> **Task instructions**: The requested output is every line from the one with "Wonderfull 4Bd w" through the last line below, printed exactly.

---+---

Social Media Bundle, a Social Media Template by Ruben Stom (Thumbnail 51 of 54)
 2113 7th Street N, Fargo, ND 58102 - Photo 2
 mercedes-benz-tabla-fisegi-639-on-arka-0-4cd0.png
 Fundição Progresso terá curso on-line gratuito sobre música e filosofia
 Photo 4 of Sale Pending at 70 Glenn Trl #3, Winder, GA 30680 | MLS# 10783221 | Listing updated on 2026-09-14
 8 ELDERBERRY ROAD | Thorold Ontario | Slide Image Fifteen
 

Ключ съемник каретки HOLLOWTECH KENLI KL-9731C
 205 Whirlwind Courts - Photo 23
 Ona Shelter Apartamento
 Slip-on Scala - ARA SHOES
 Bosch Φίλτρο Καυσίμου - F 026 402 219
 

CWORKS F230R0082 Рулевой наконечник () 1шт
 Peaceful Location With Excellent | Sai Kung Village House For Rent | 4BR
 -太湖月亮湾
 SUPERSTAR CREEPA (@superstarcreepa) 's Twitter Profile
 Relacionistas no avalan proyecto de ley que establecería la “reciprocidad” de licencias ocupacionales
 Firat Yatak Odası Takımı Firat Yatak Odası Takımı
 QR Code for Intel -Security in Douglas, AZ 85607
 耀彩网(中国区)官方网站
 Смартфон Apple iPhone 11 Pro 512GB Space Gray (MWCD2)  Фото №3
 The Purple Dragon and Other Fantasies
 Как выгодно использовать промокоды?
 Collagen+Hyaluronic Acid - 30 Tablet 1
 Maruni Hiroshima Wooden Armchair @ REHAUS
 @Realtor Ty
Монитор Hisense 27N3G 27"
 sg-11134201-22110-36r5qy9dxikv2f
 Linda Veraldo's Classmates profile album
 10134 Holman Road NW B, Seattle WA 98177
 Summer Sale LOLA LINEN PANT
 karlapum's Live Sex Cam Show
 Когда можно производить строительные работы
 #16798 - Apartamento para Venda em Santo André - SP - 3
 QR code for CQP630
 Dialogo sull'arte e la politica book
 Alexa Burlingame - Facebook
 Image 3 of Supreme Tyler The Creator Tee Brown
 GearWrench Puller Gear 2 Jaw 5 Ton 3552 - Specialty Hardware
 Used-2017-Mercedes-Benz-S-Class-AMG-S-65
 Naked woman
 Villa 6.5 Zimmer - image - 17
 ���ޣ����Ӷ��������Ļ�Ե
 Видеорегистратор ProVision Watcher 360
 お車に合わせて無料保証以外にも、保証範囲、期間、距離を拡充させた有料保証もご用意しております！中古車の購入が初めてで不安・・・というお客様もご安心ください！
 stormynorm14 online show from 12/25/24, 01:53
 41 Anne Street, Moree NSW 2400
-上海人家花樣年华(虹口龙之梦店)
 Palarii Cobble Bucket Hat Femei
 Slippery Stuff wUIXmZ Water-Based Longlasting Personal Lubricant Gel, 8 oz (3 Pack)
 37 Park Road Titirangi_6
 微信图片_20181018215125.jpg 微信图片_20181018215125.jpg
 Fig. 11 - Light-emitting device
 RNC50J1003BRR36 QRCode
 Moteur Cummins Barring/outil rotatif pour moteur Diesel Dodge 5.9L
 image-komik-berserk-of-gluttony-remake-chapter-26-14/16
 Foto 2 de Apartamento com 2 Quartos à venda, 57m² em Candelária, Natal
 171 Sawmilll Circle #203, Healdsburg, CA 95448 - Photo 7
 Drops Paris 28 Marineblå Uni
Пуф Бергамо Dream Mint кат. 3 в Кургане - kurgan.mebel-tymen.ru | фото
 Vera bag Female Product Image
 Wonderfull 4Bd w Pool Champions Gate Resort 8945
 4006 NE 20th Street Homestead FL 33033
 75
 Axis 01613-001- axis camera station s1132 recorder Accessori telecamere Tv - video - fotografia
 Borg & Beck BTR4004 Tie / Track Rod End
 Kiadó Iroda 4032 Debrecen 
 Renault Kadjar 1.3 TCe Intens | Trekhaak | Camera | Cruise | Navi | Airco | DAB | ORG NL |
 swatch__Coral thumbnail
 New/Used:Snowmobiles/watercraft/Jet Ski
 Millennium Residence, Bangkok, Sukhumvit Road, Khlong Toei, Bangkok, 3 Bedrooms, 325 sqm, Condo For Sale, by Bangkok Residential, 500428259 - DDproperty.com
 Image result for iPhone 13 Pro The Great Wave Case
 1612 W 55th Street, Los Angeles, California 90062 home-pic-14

---+---

> **Task result**:
 Wonderfull 4Bd w Pool Champions Gate Resort 8945
 4006 NE 20th Street Homestead FL 33033
 75
 Axis 01613-001- axis camera station s1132 recorder Accessori telecamere Tv - video - fotografia
 Borg & Beck BTR4004 Tie / Track Rod End
 Kiadó Iroda 4032 Debrecen 
 Renault Kadjar 1.3 TCe Intens | Trekhaak | Camera | Cruise | Navi | Airco | DAB | ORG NL |
 swatch__Coral thumbnail
 New/Used:Snowmobiles/watercraft/Jet Ski
 Millennium Residence, Bangkok, Sukhumvit Road, Khlong Toei, Bangkok, 3 Bedrooms, 325 sqm, Condo For Sale, by Bangkok Residential, 500428259 - DDproperty.com
 Image result for iPhone 13 Pro The Great Wave Case
 1612 W 55th Street, Los Angeles, California 90062 home-pic-14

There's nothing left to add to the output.